D’autre part, le voyage initiatique – Le Grand Tour – était une tradition importante dans la formation des jeunes gens britanniques. Il était de bon ton pour les jeunes anglais de se rendre dans plusieurs pays, en particulier en Europe, afin de découvrir le monde et de faire de nouvelles expériences. Les jeunes artistes profitaient de cette occasion pour découvrir l’art italien ou flamand. La base Joconde du musée du Louvre dédiée à l’art britannique dans les collections publiques françaises, en plus de présenter une collection d’œuvres d’art, propose de situer une des origines possible de ce goût pour la pratique de l’aquarelle de voyage à partir de l’enseignement du Révérend William Gilpin (1724-1804) basé sur le « Picturesque Tour » (sorte de promenade à la recherche de sujet d’aquarelle) et Alexander Cozens (1717-1786). En France, la tradition du voyage à Rome était d’ailleurs suffisamment bien ancrée dans la société et les institutions artistiques notamment avec les prix de Rome de l’École des Beaux-Arts. Certains artistes poussèrent cette envie de voyages plus loin et se rendirent en Afrique du nord ou au Moyen-Orient à la recherche de nouveaux sujets tel Delacroix , incités par la vague orientaliste envahissant l’Europe. William Turner, emblème du romantisme britannique, fut également voyageur.
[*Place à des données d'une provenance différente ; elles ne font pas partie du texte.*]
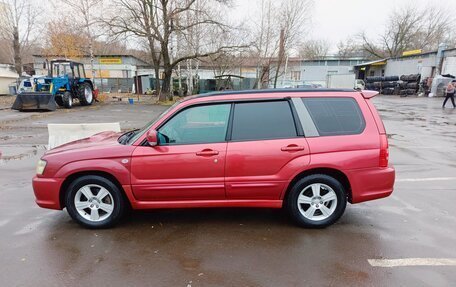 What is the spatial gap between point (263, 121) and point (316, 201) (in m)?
1.22

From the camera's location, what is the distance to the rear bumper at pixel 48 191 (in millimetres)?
3682

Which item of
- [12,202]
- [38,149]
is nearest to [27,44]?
[38,149]

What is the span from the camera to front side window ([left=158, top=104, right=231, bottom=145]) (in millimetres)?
3713

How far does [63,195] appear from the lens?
12.5 ft

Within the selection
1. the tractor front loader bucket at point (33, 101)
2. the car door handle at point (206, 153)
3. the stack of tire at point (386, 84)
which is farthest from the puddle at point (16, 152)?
the stack of tire at point (386, 84)

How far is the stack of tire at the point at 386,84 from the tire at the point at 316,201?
38230 mm

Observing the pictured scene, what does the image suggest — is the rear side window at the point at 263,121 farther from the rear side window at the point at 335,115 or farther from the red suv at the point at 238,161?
the rear side window at the point at 335,115

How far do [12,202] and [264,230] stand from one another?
3.94 metres

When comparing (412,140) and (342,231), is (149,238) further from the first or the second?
(412,140)

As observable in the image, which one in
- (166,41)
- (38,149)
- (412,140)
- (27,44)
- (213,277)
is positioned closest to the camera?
(213,277)

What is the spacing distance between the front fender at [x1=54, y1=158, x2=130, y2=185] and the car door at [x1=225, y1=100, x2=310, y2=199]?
126 centimetres

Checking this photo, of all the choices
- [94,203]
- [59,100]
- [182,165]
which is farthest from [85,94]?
[182,165]

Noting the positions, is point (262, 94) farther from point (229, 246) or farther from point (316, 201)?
point (229, 246)

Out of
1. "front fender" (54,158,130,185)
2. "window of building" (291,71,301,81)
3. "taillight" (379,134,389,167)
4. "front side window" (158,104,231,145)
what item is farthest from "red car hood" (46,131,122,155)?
"window of building" (291,71,301,81) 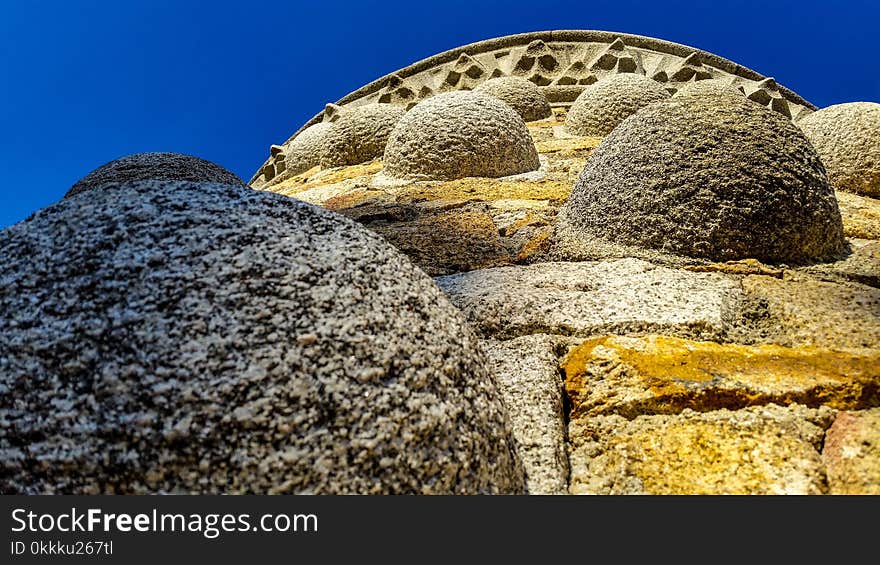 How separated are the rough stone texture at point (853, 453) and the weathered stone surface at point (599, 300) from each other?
1.81 feet

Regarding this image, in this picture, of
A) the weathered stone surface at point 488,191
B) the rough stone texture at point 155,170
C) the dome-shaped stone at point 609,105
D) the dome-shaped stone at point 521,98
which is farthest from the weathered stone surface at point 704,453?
the dome-shaped stone at point 521,98

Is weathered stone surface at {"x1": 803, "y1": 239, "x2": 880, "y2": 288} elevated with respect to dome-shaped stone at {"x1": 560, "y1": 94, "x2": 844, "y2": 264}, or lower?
lower

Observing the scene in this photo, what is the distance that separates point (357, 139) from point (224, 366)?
224 inches

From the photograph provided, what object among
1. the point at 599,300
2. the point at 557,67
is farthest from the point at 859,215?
the point at 557,67

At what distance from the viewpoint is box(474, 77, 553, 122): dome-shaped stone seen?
25.8 ft

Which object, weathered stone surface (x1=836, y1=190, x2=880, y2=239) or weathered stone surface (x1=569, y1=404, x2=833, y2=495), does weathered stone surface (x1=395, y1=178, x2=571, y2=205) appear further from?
weathered stone surface (x1=569, y1=404, x2=833, y2=495)

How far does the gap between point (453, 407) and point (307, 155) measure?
6.87 m

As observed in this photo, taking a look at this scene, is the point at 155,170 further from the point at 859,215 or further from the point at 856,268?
the point at 859,215

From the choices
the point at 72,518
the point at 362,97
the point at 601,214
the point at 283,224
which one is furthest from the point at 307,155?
the point at 72,518

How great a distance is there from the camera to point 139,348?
1114mm

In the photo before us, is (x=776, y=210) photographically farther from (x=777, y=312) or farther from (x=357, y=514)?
(x=357, y=514)

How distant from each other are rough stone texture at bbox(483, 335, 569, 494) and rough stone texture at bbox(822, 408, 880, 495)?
591 millimetres

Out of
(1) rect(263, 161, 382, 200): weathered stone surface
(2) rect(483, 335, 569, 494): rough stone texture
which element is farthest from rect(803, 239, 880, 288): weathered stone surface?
(1) rect(263, 161, 382, 200): weathered stone surface

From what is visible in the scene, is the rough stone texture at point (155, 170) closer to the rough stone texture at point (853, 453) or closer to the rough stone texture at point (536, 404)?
the rough stone texture at point (536, 404) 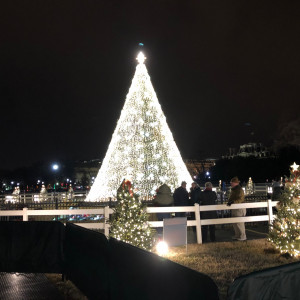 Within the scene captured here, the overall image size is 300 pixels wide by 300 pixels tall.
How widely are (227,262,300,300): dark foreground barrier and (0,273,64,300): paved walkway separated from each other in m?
4.84

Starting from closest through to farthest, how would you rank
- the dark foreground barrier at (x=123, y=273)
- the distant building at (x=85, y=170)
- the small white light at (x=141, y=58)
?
1. the dark foreground barrier at (x=123, y=273)
2. the small white light at (x=141, y=58)
3. the distant building at (x=85, y=170)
En conclusion, le site du MET museum évoque dans un article en anglais l’évolution de l’aquarelle qui est passée d’un art mineur exploité par les topographes et les chercheurs à une véritable institution portée par des organisations comme The New Society of Painters in Water-Colours fondée en 1804 par William Frederick Wells et qui deviendra plus tard la Royal Watercolour Society. Au début, l’aquarelle était surtout reconnue pour sa facilité d’utilisation et bien évidemment son transport rendu aisé par la densité des pigments ne nécessitant que de très petits godets pour réaliser de nombreux travaux, son travail à l’eau, son séchage rapide et le peu de matériel nécessaire à son exécution. Elle était donc particulièrement utile aux hommes de terrains tel les topographes, les architectes ou encore les scientifiques qui réalisaient souvent de très belles études à l’aquarelle pour illustrer leurs travaux. Cependant le développement d’un marché de l’aquarelle et la création d’Institutions spécialisées lui permit d’acquérir définitivement ses lettres de noblesse. D’ailleurs certain grand artiste comme Thomas Girtin s’ingénièrent à faire de l’aquarelle une pratique noble rivalisant avec les meilleurs peintures à l’huile.